* Problem description *
Repeat verbatim each line from the line with "Chao Phraya River" to the end of the entries. Pictures do not belong in the copy.

* Input for this task *
━━━━━━━━━━

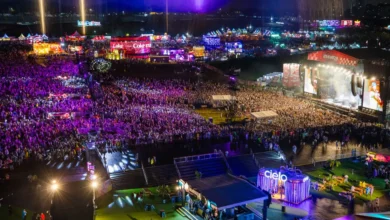 Vista aérea noturna do Lollapalooza Brasil no Autódromo de Interlagos com multidão e palco iluminado em tons de roxo e laranja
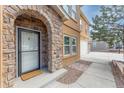 Front entrance featuring stone archway, a white door with window, and a concrete porch at 1822 Painter Dr, Monument, CO 80132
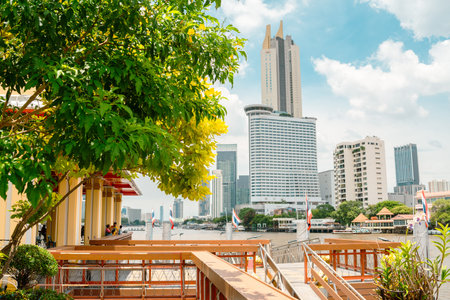 Chao Phraya River pier dock and skyscraper in Bangkok, Thailandのeditorial素材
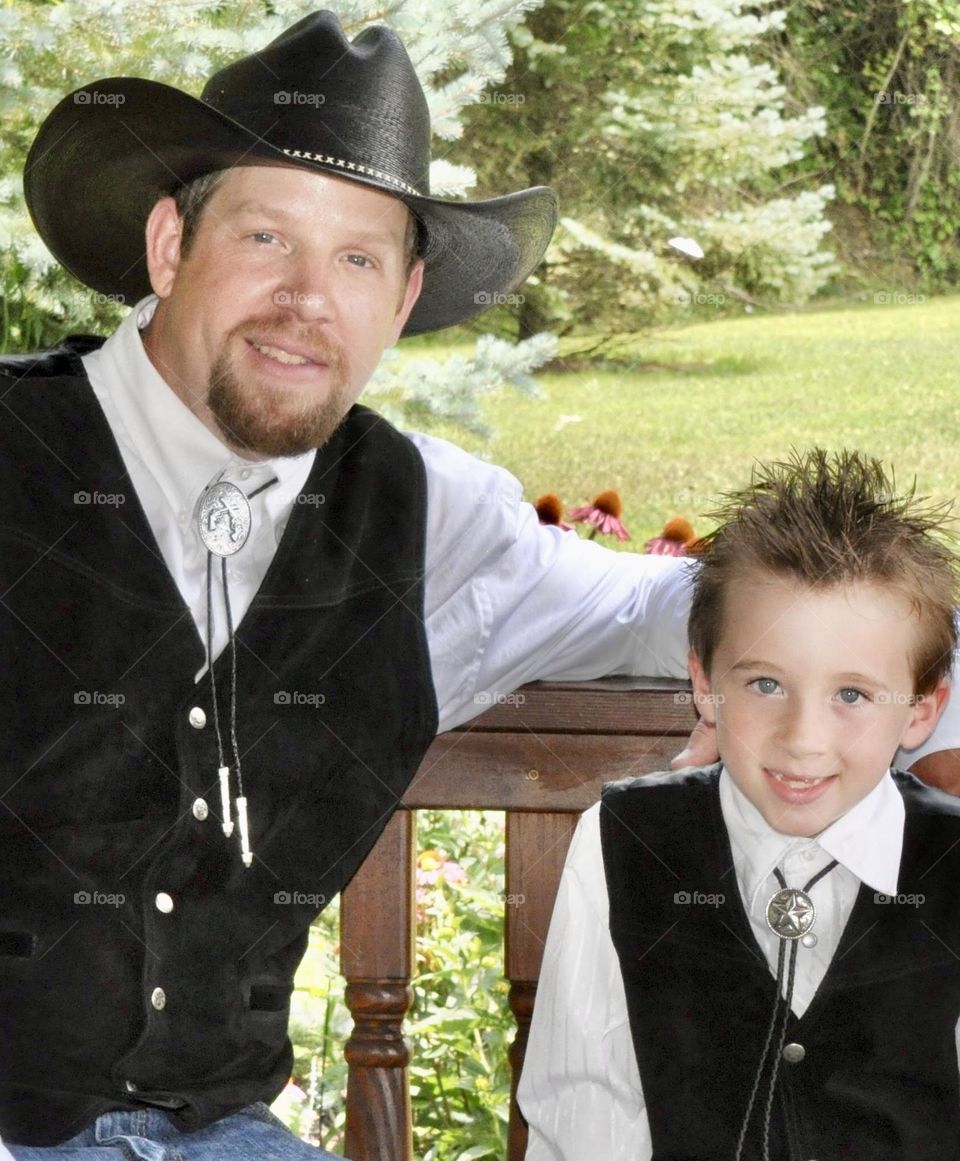 Man and young boy dressed alike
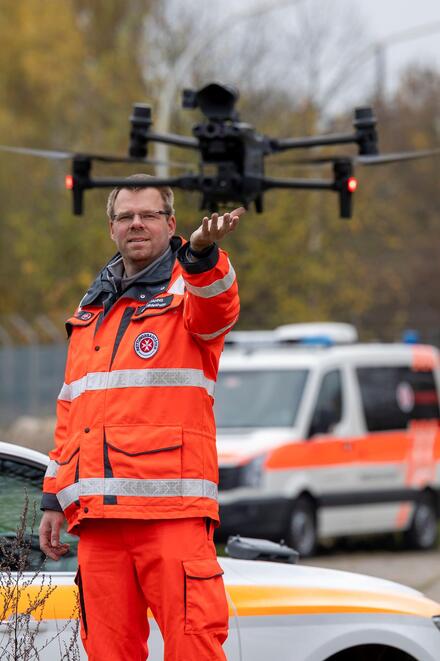 Ein Mann in Einsatzkleidung mit einer vor ihm schwebenden Drohne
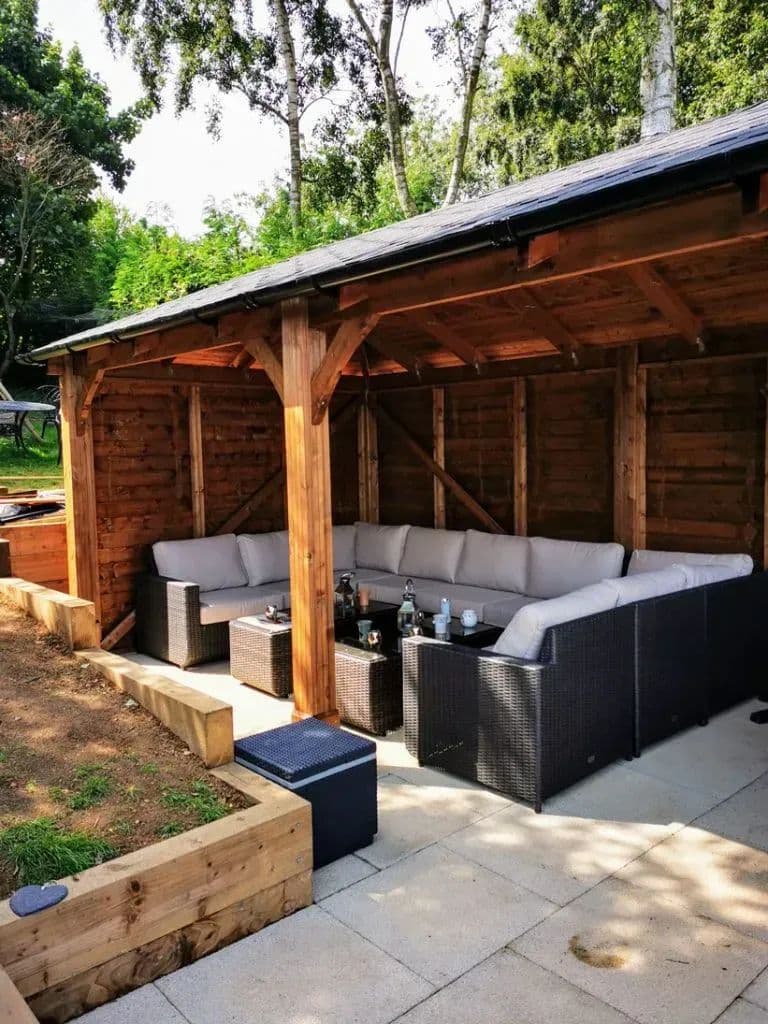 The gazebo from the side, with a timber sleeper bed running along the paving in front of it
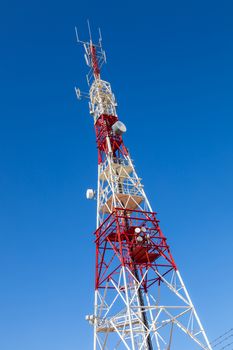 Communications tower with a beautiful blue sky on Puerto Real, Cadiz, Spain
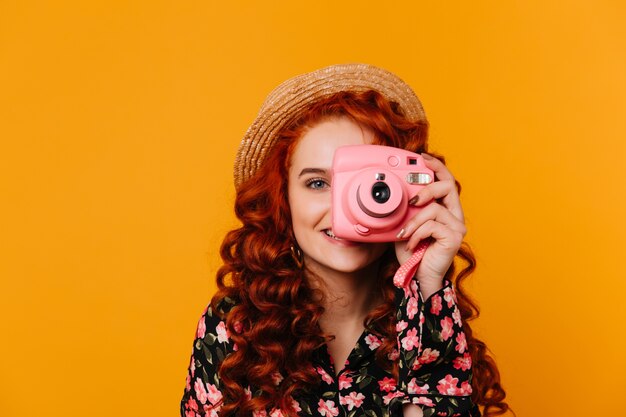 Espectacular mujer con cabello rojo ondulado y ojos azules cubre su rostro, tomando fotos con mini cámara.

━━━━━━━━━━

* Answer to the exercise *
 Chao Phraya River pier dock and skyscraper in Bangkok, Thailandのeditorial素材
 Man and young boy dressed alike
 Ein Mann in Einsatzkleidung mit einer vor ihm schwebenden Drohne
 The gazebo from the side, with a timber sleeper bed running along the paving in front of it
 Communications tower with a beautiful blue sky on Puerto Real, Cadiz, Spain
 Espectacular mujer con cabello rojo ondulado y ojos azules cubre su rostro, tomando fotos con mini cámara.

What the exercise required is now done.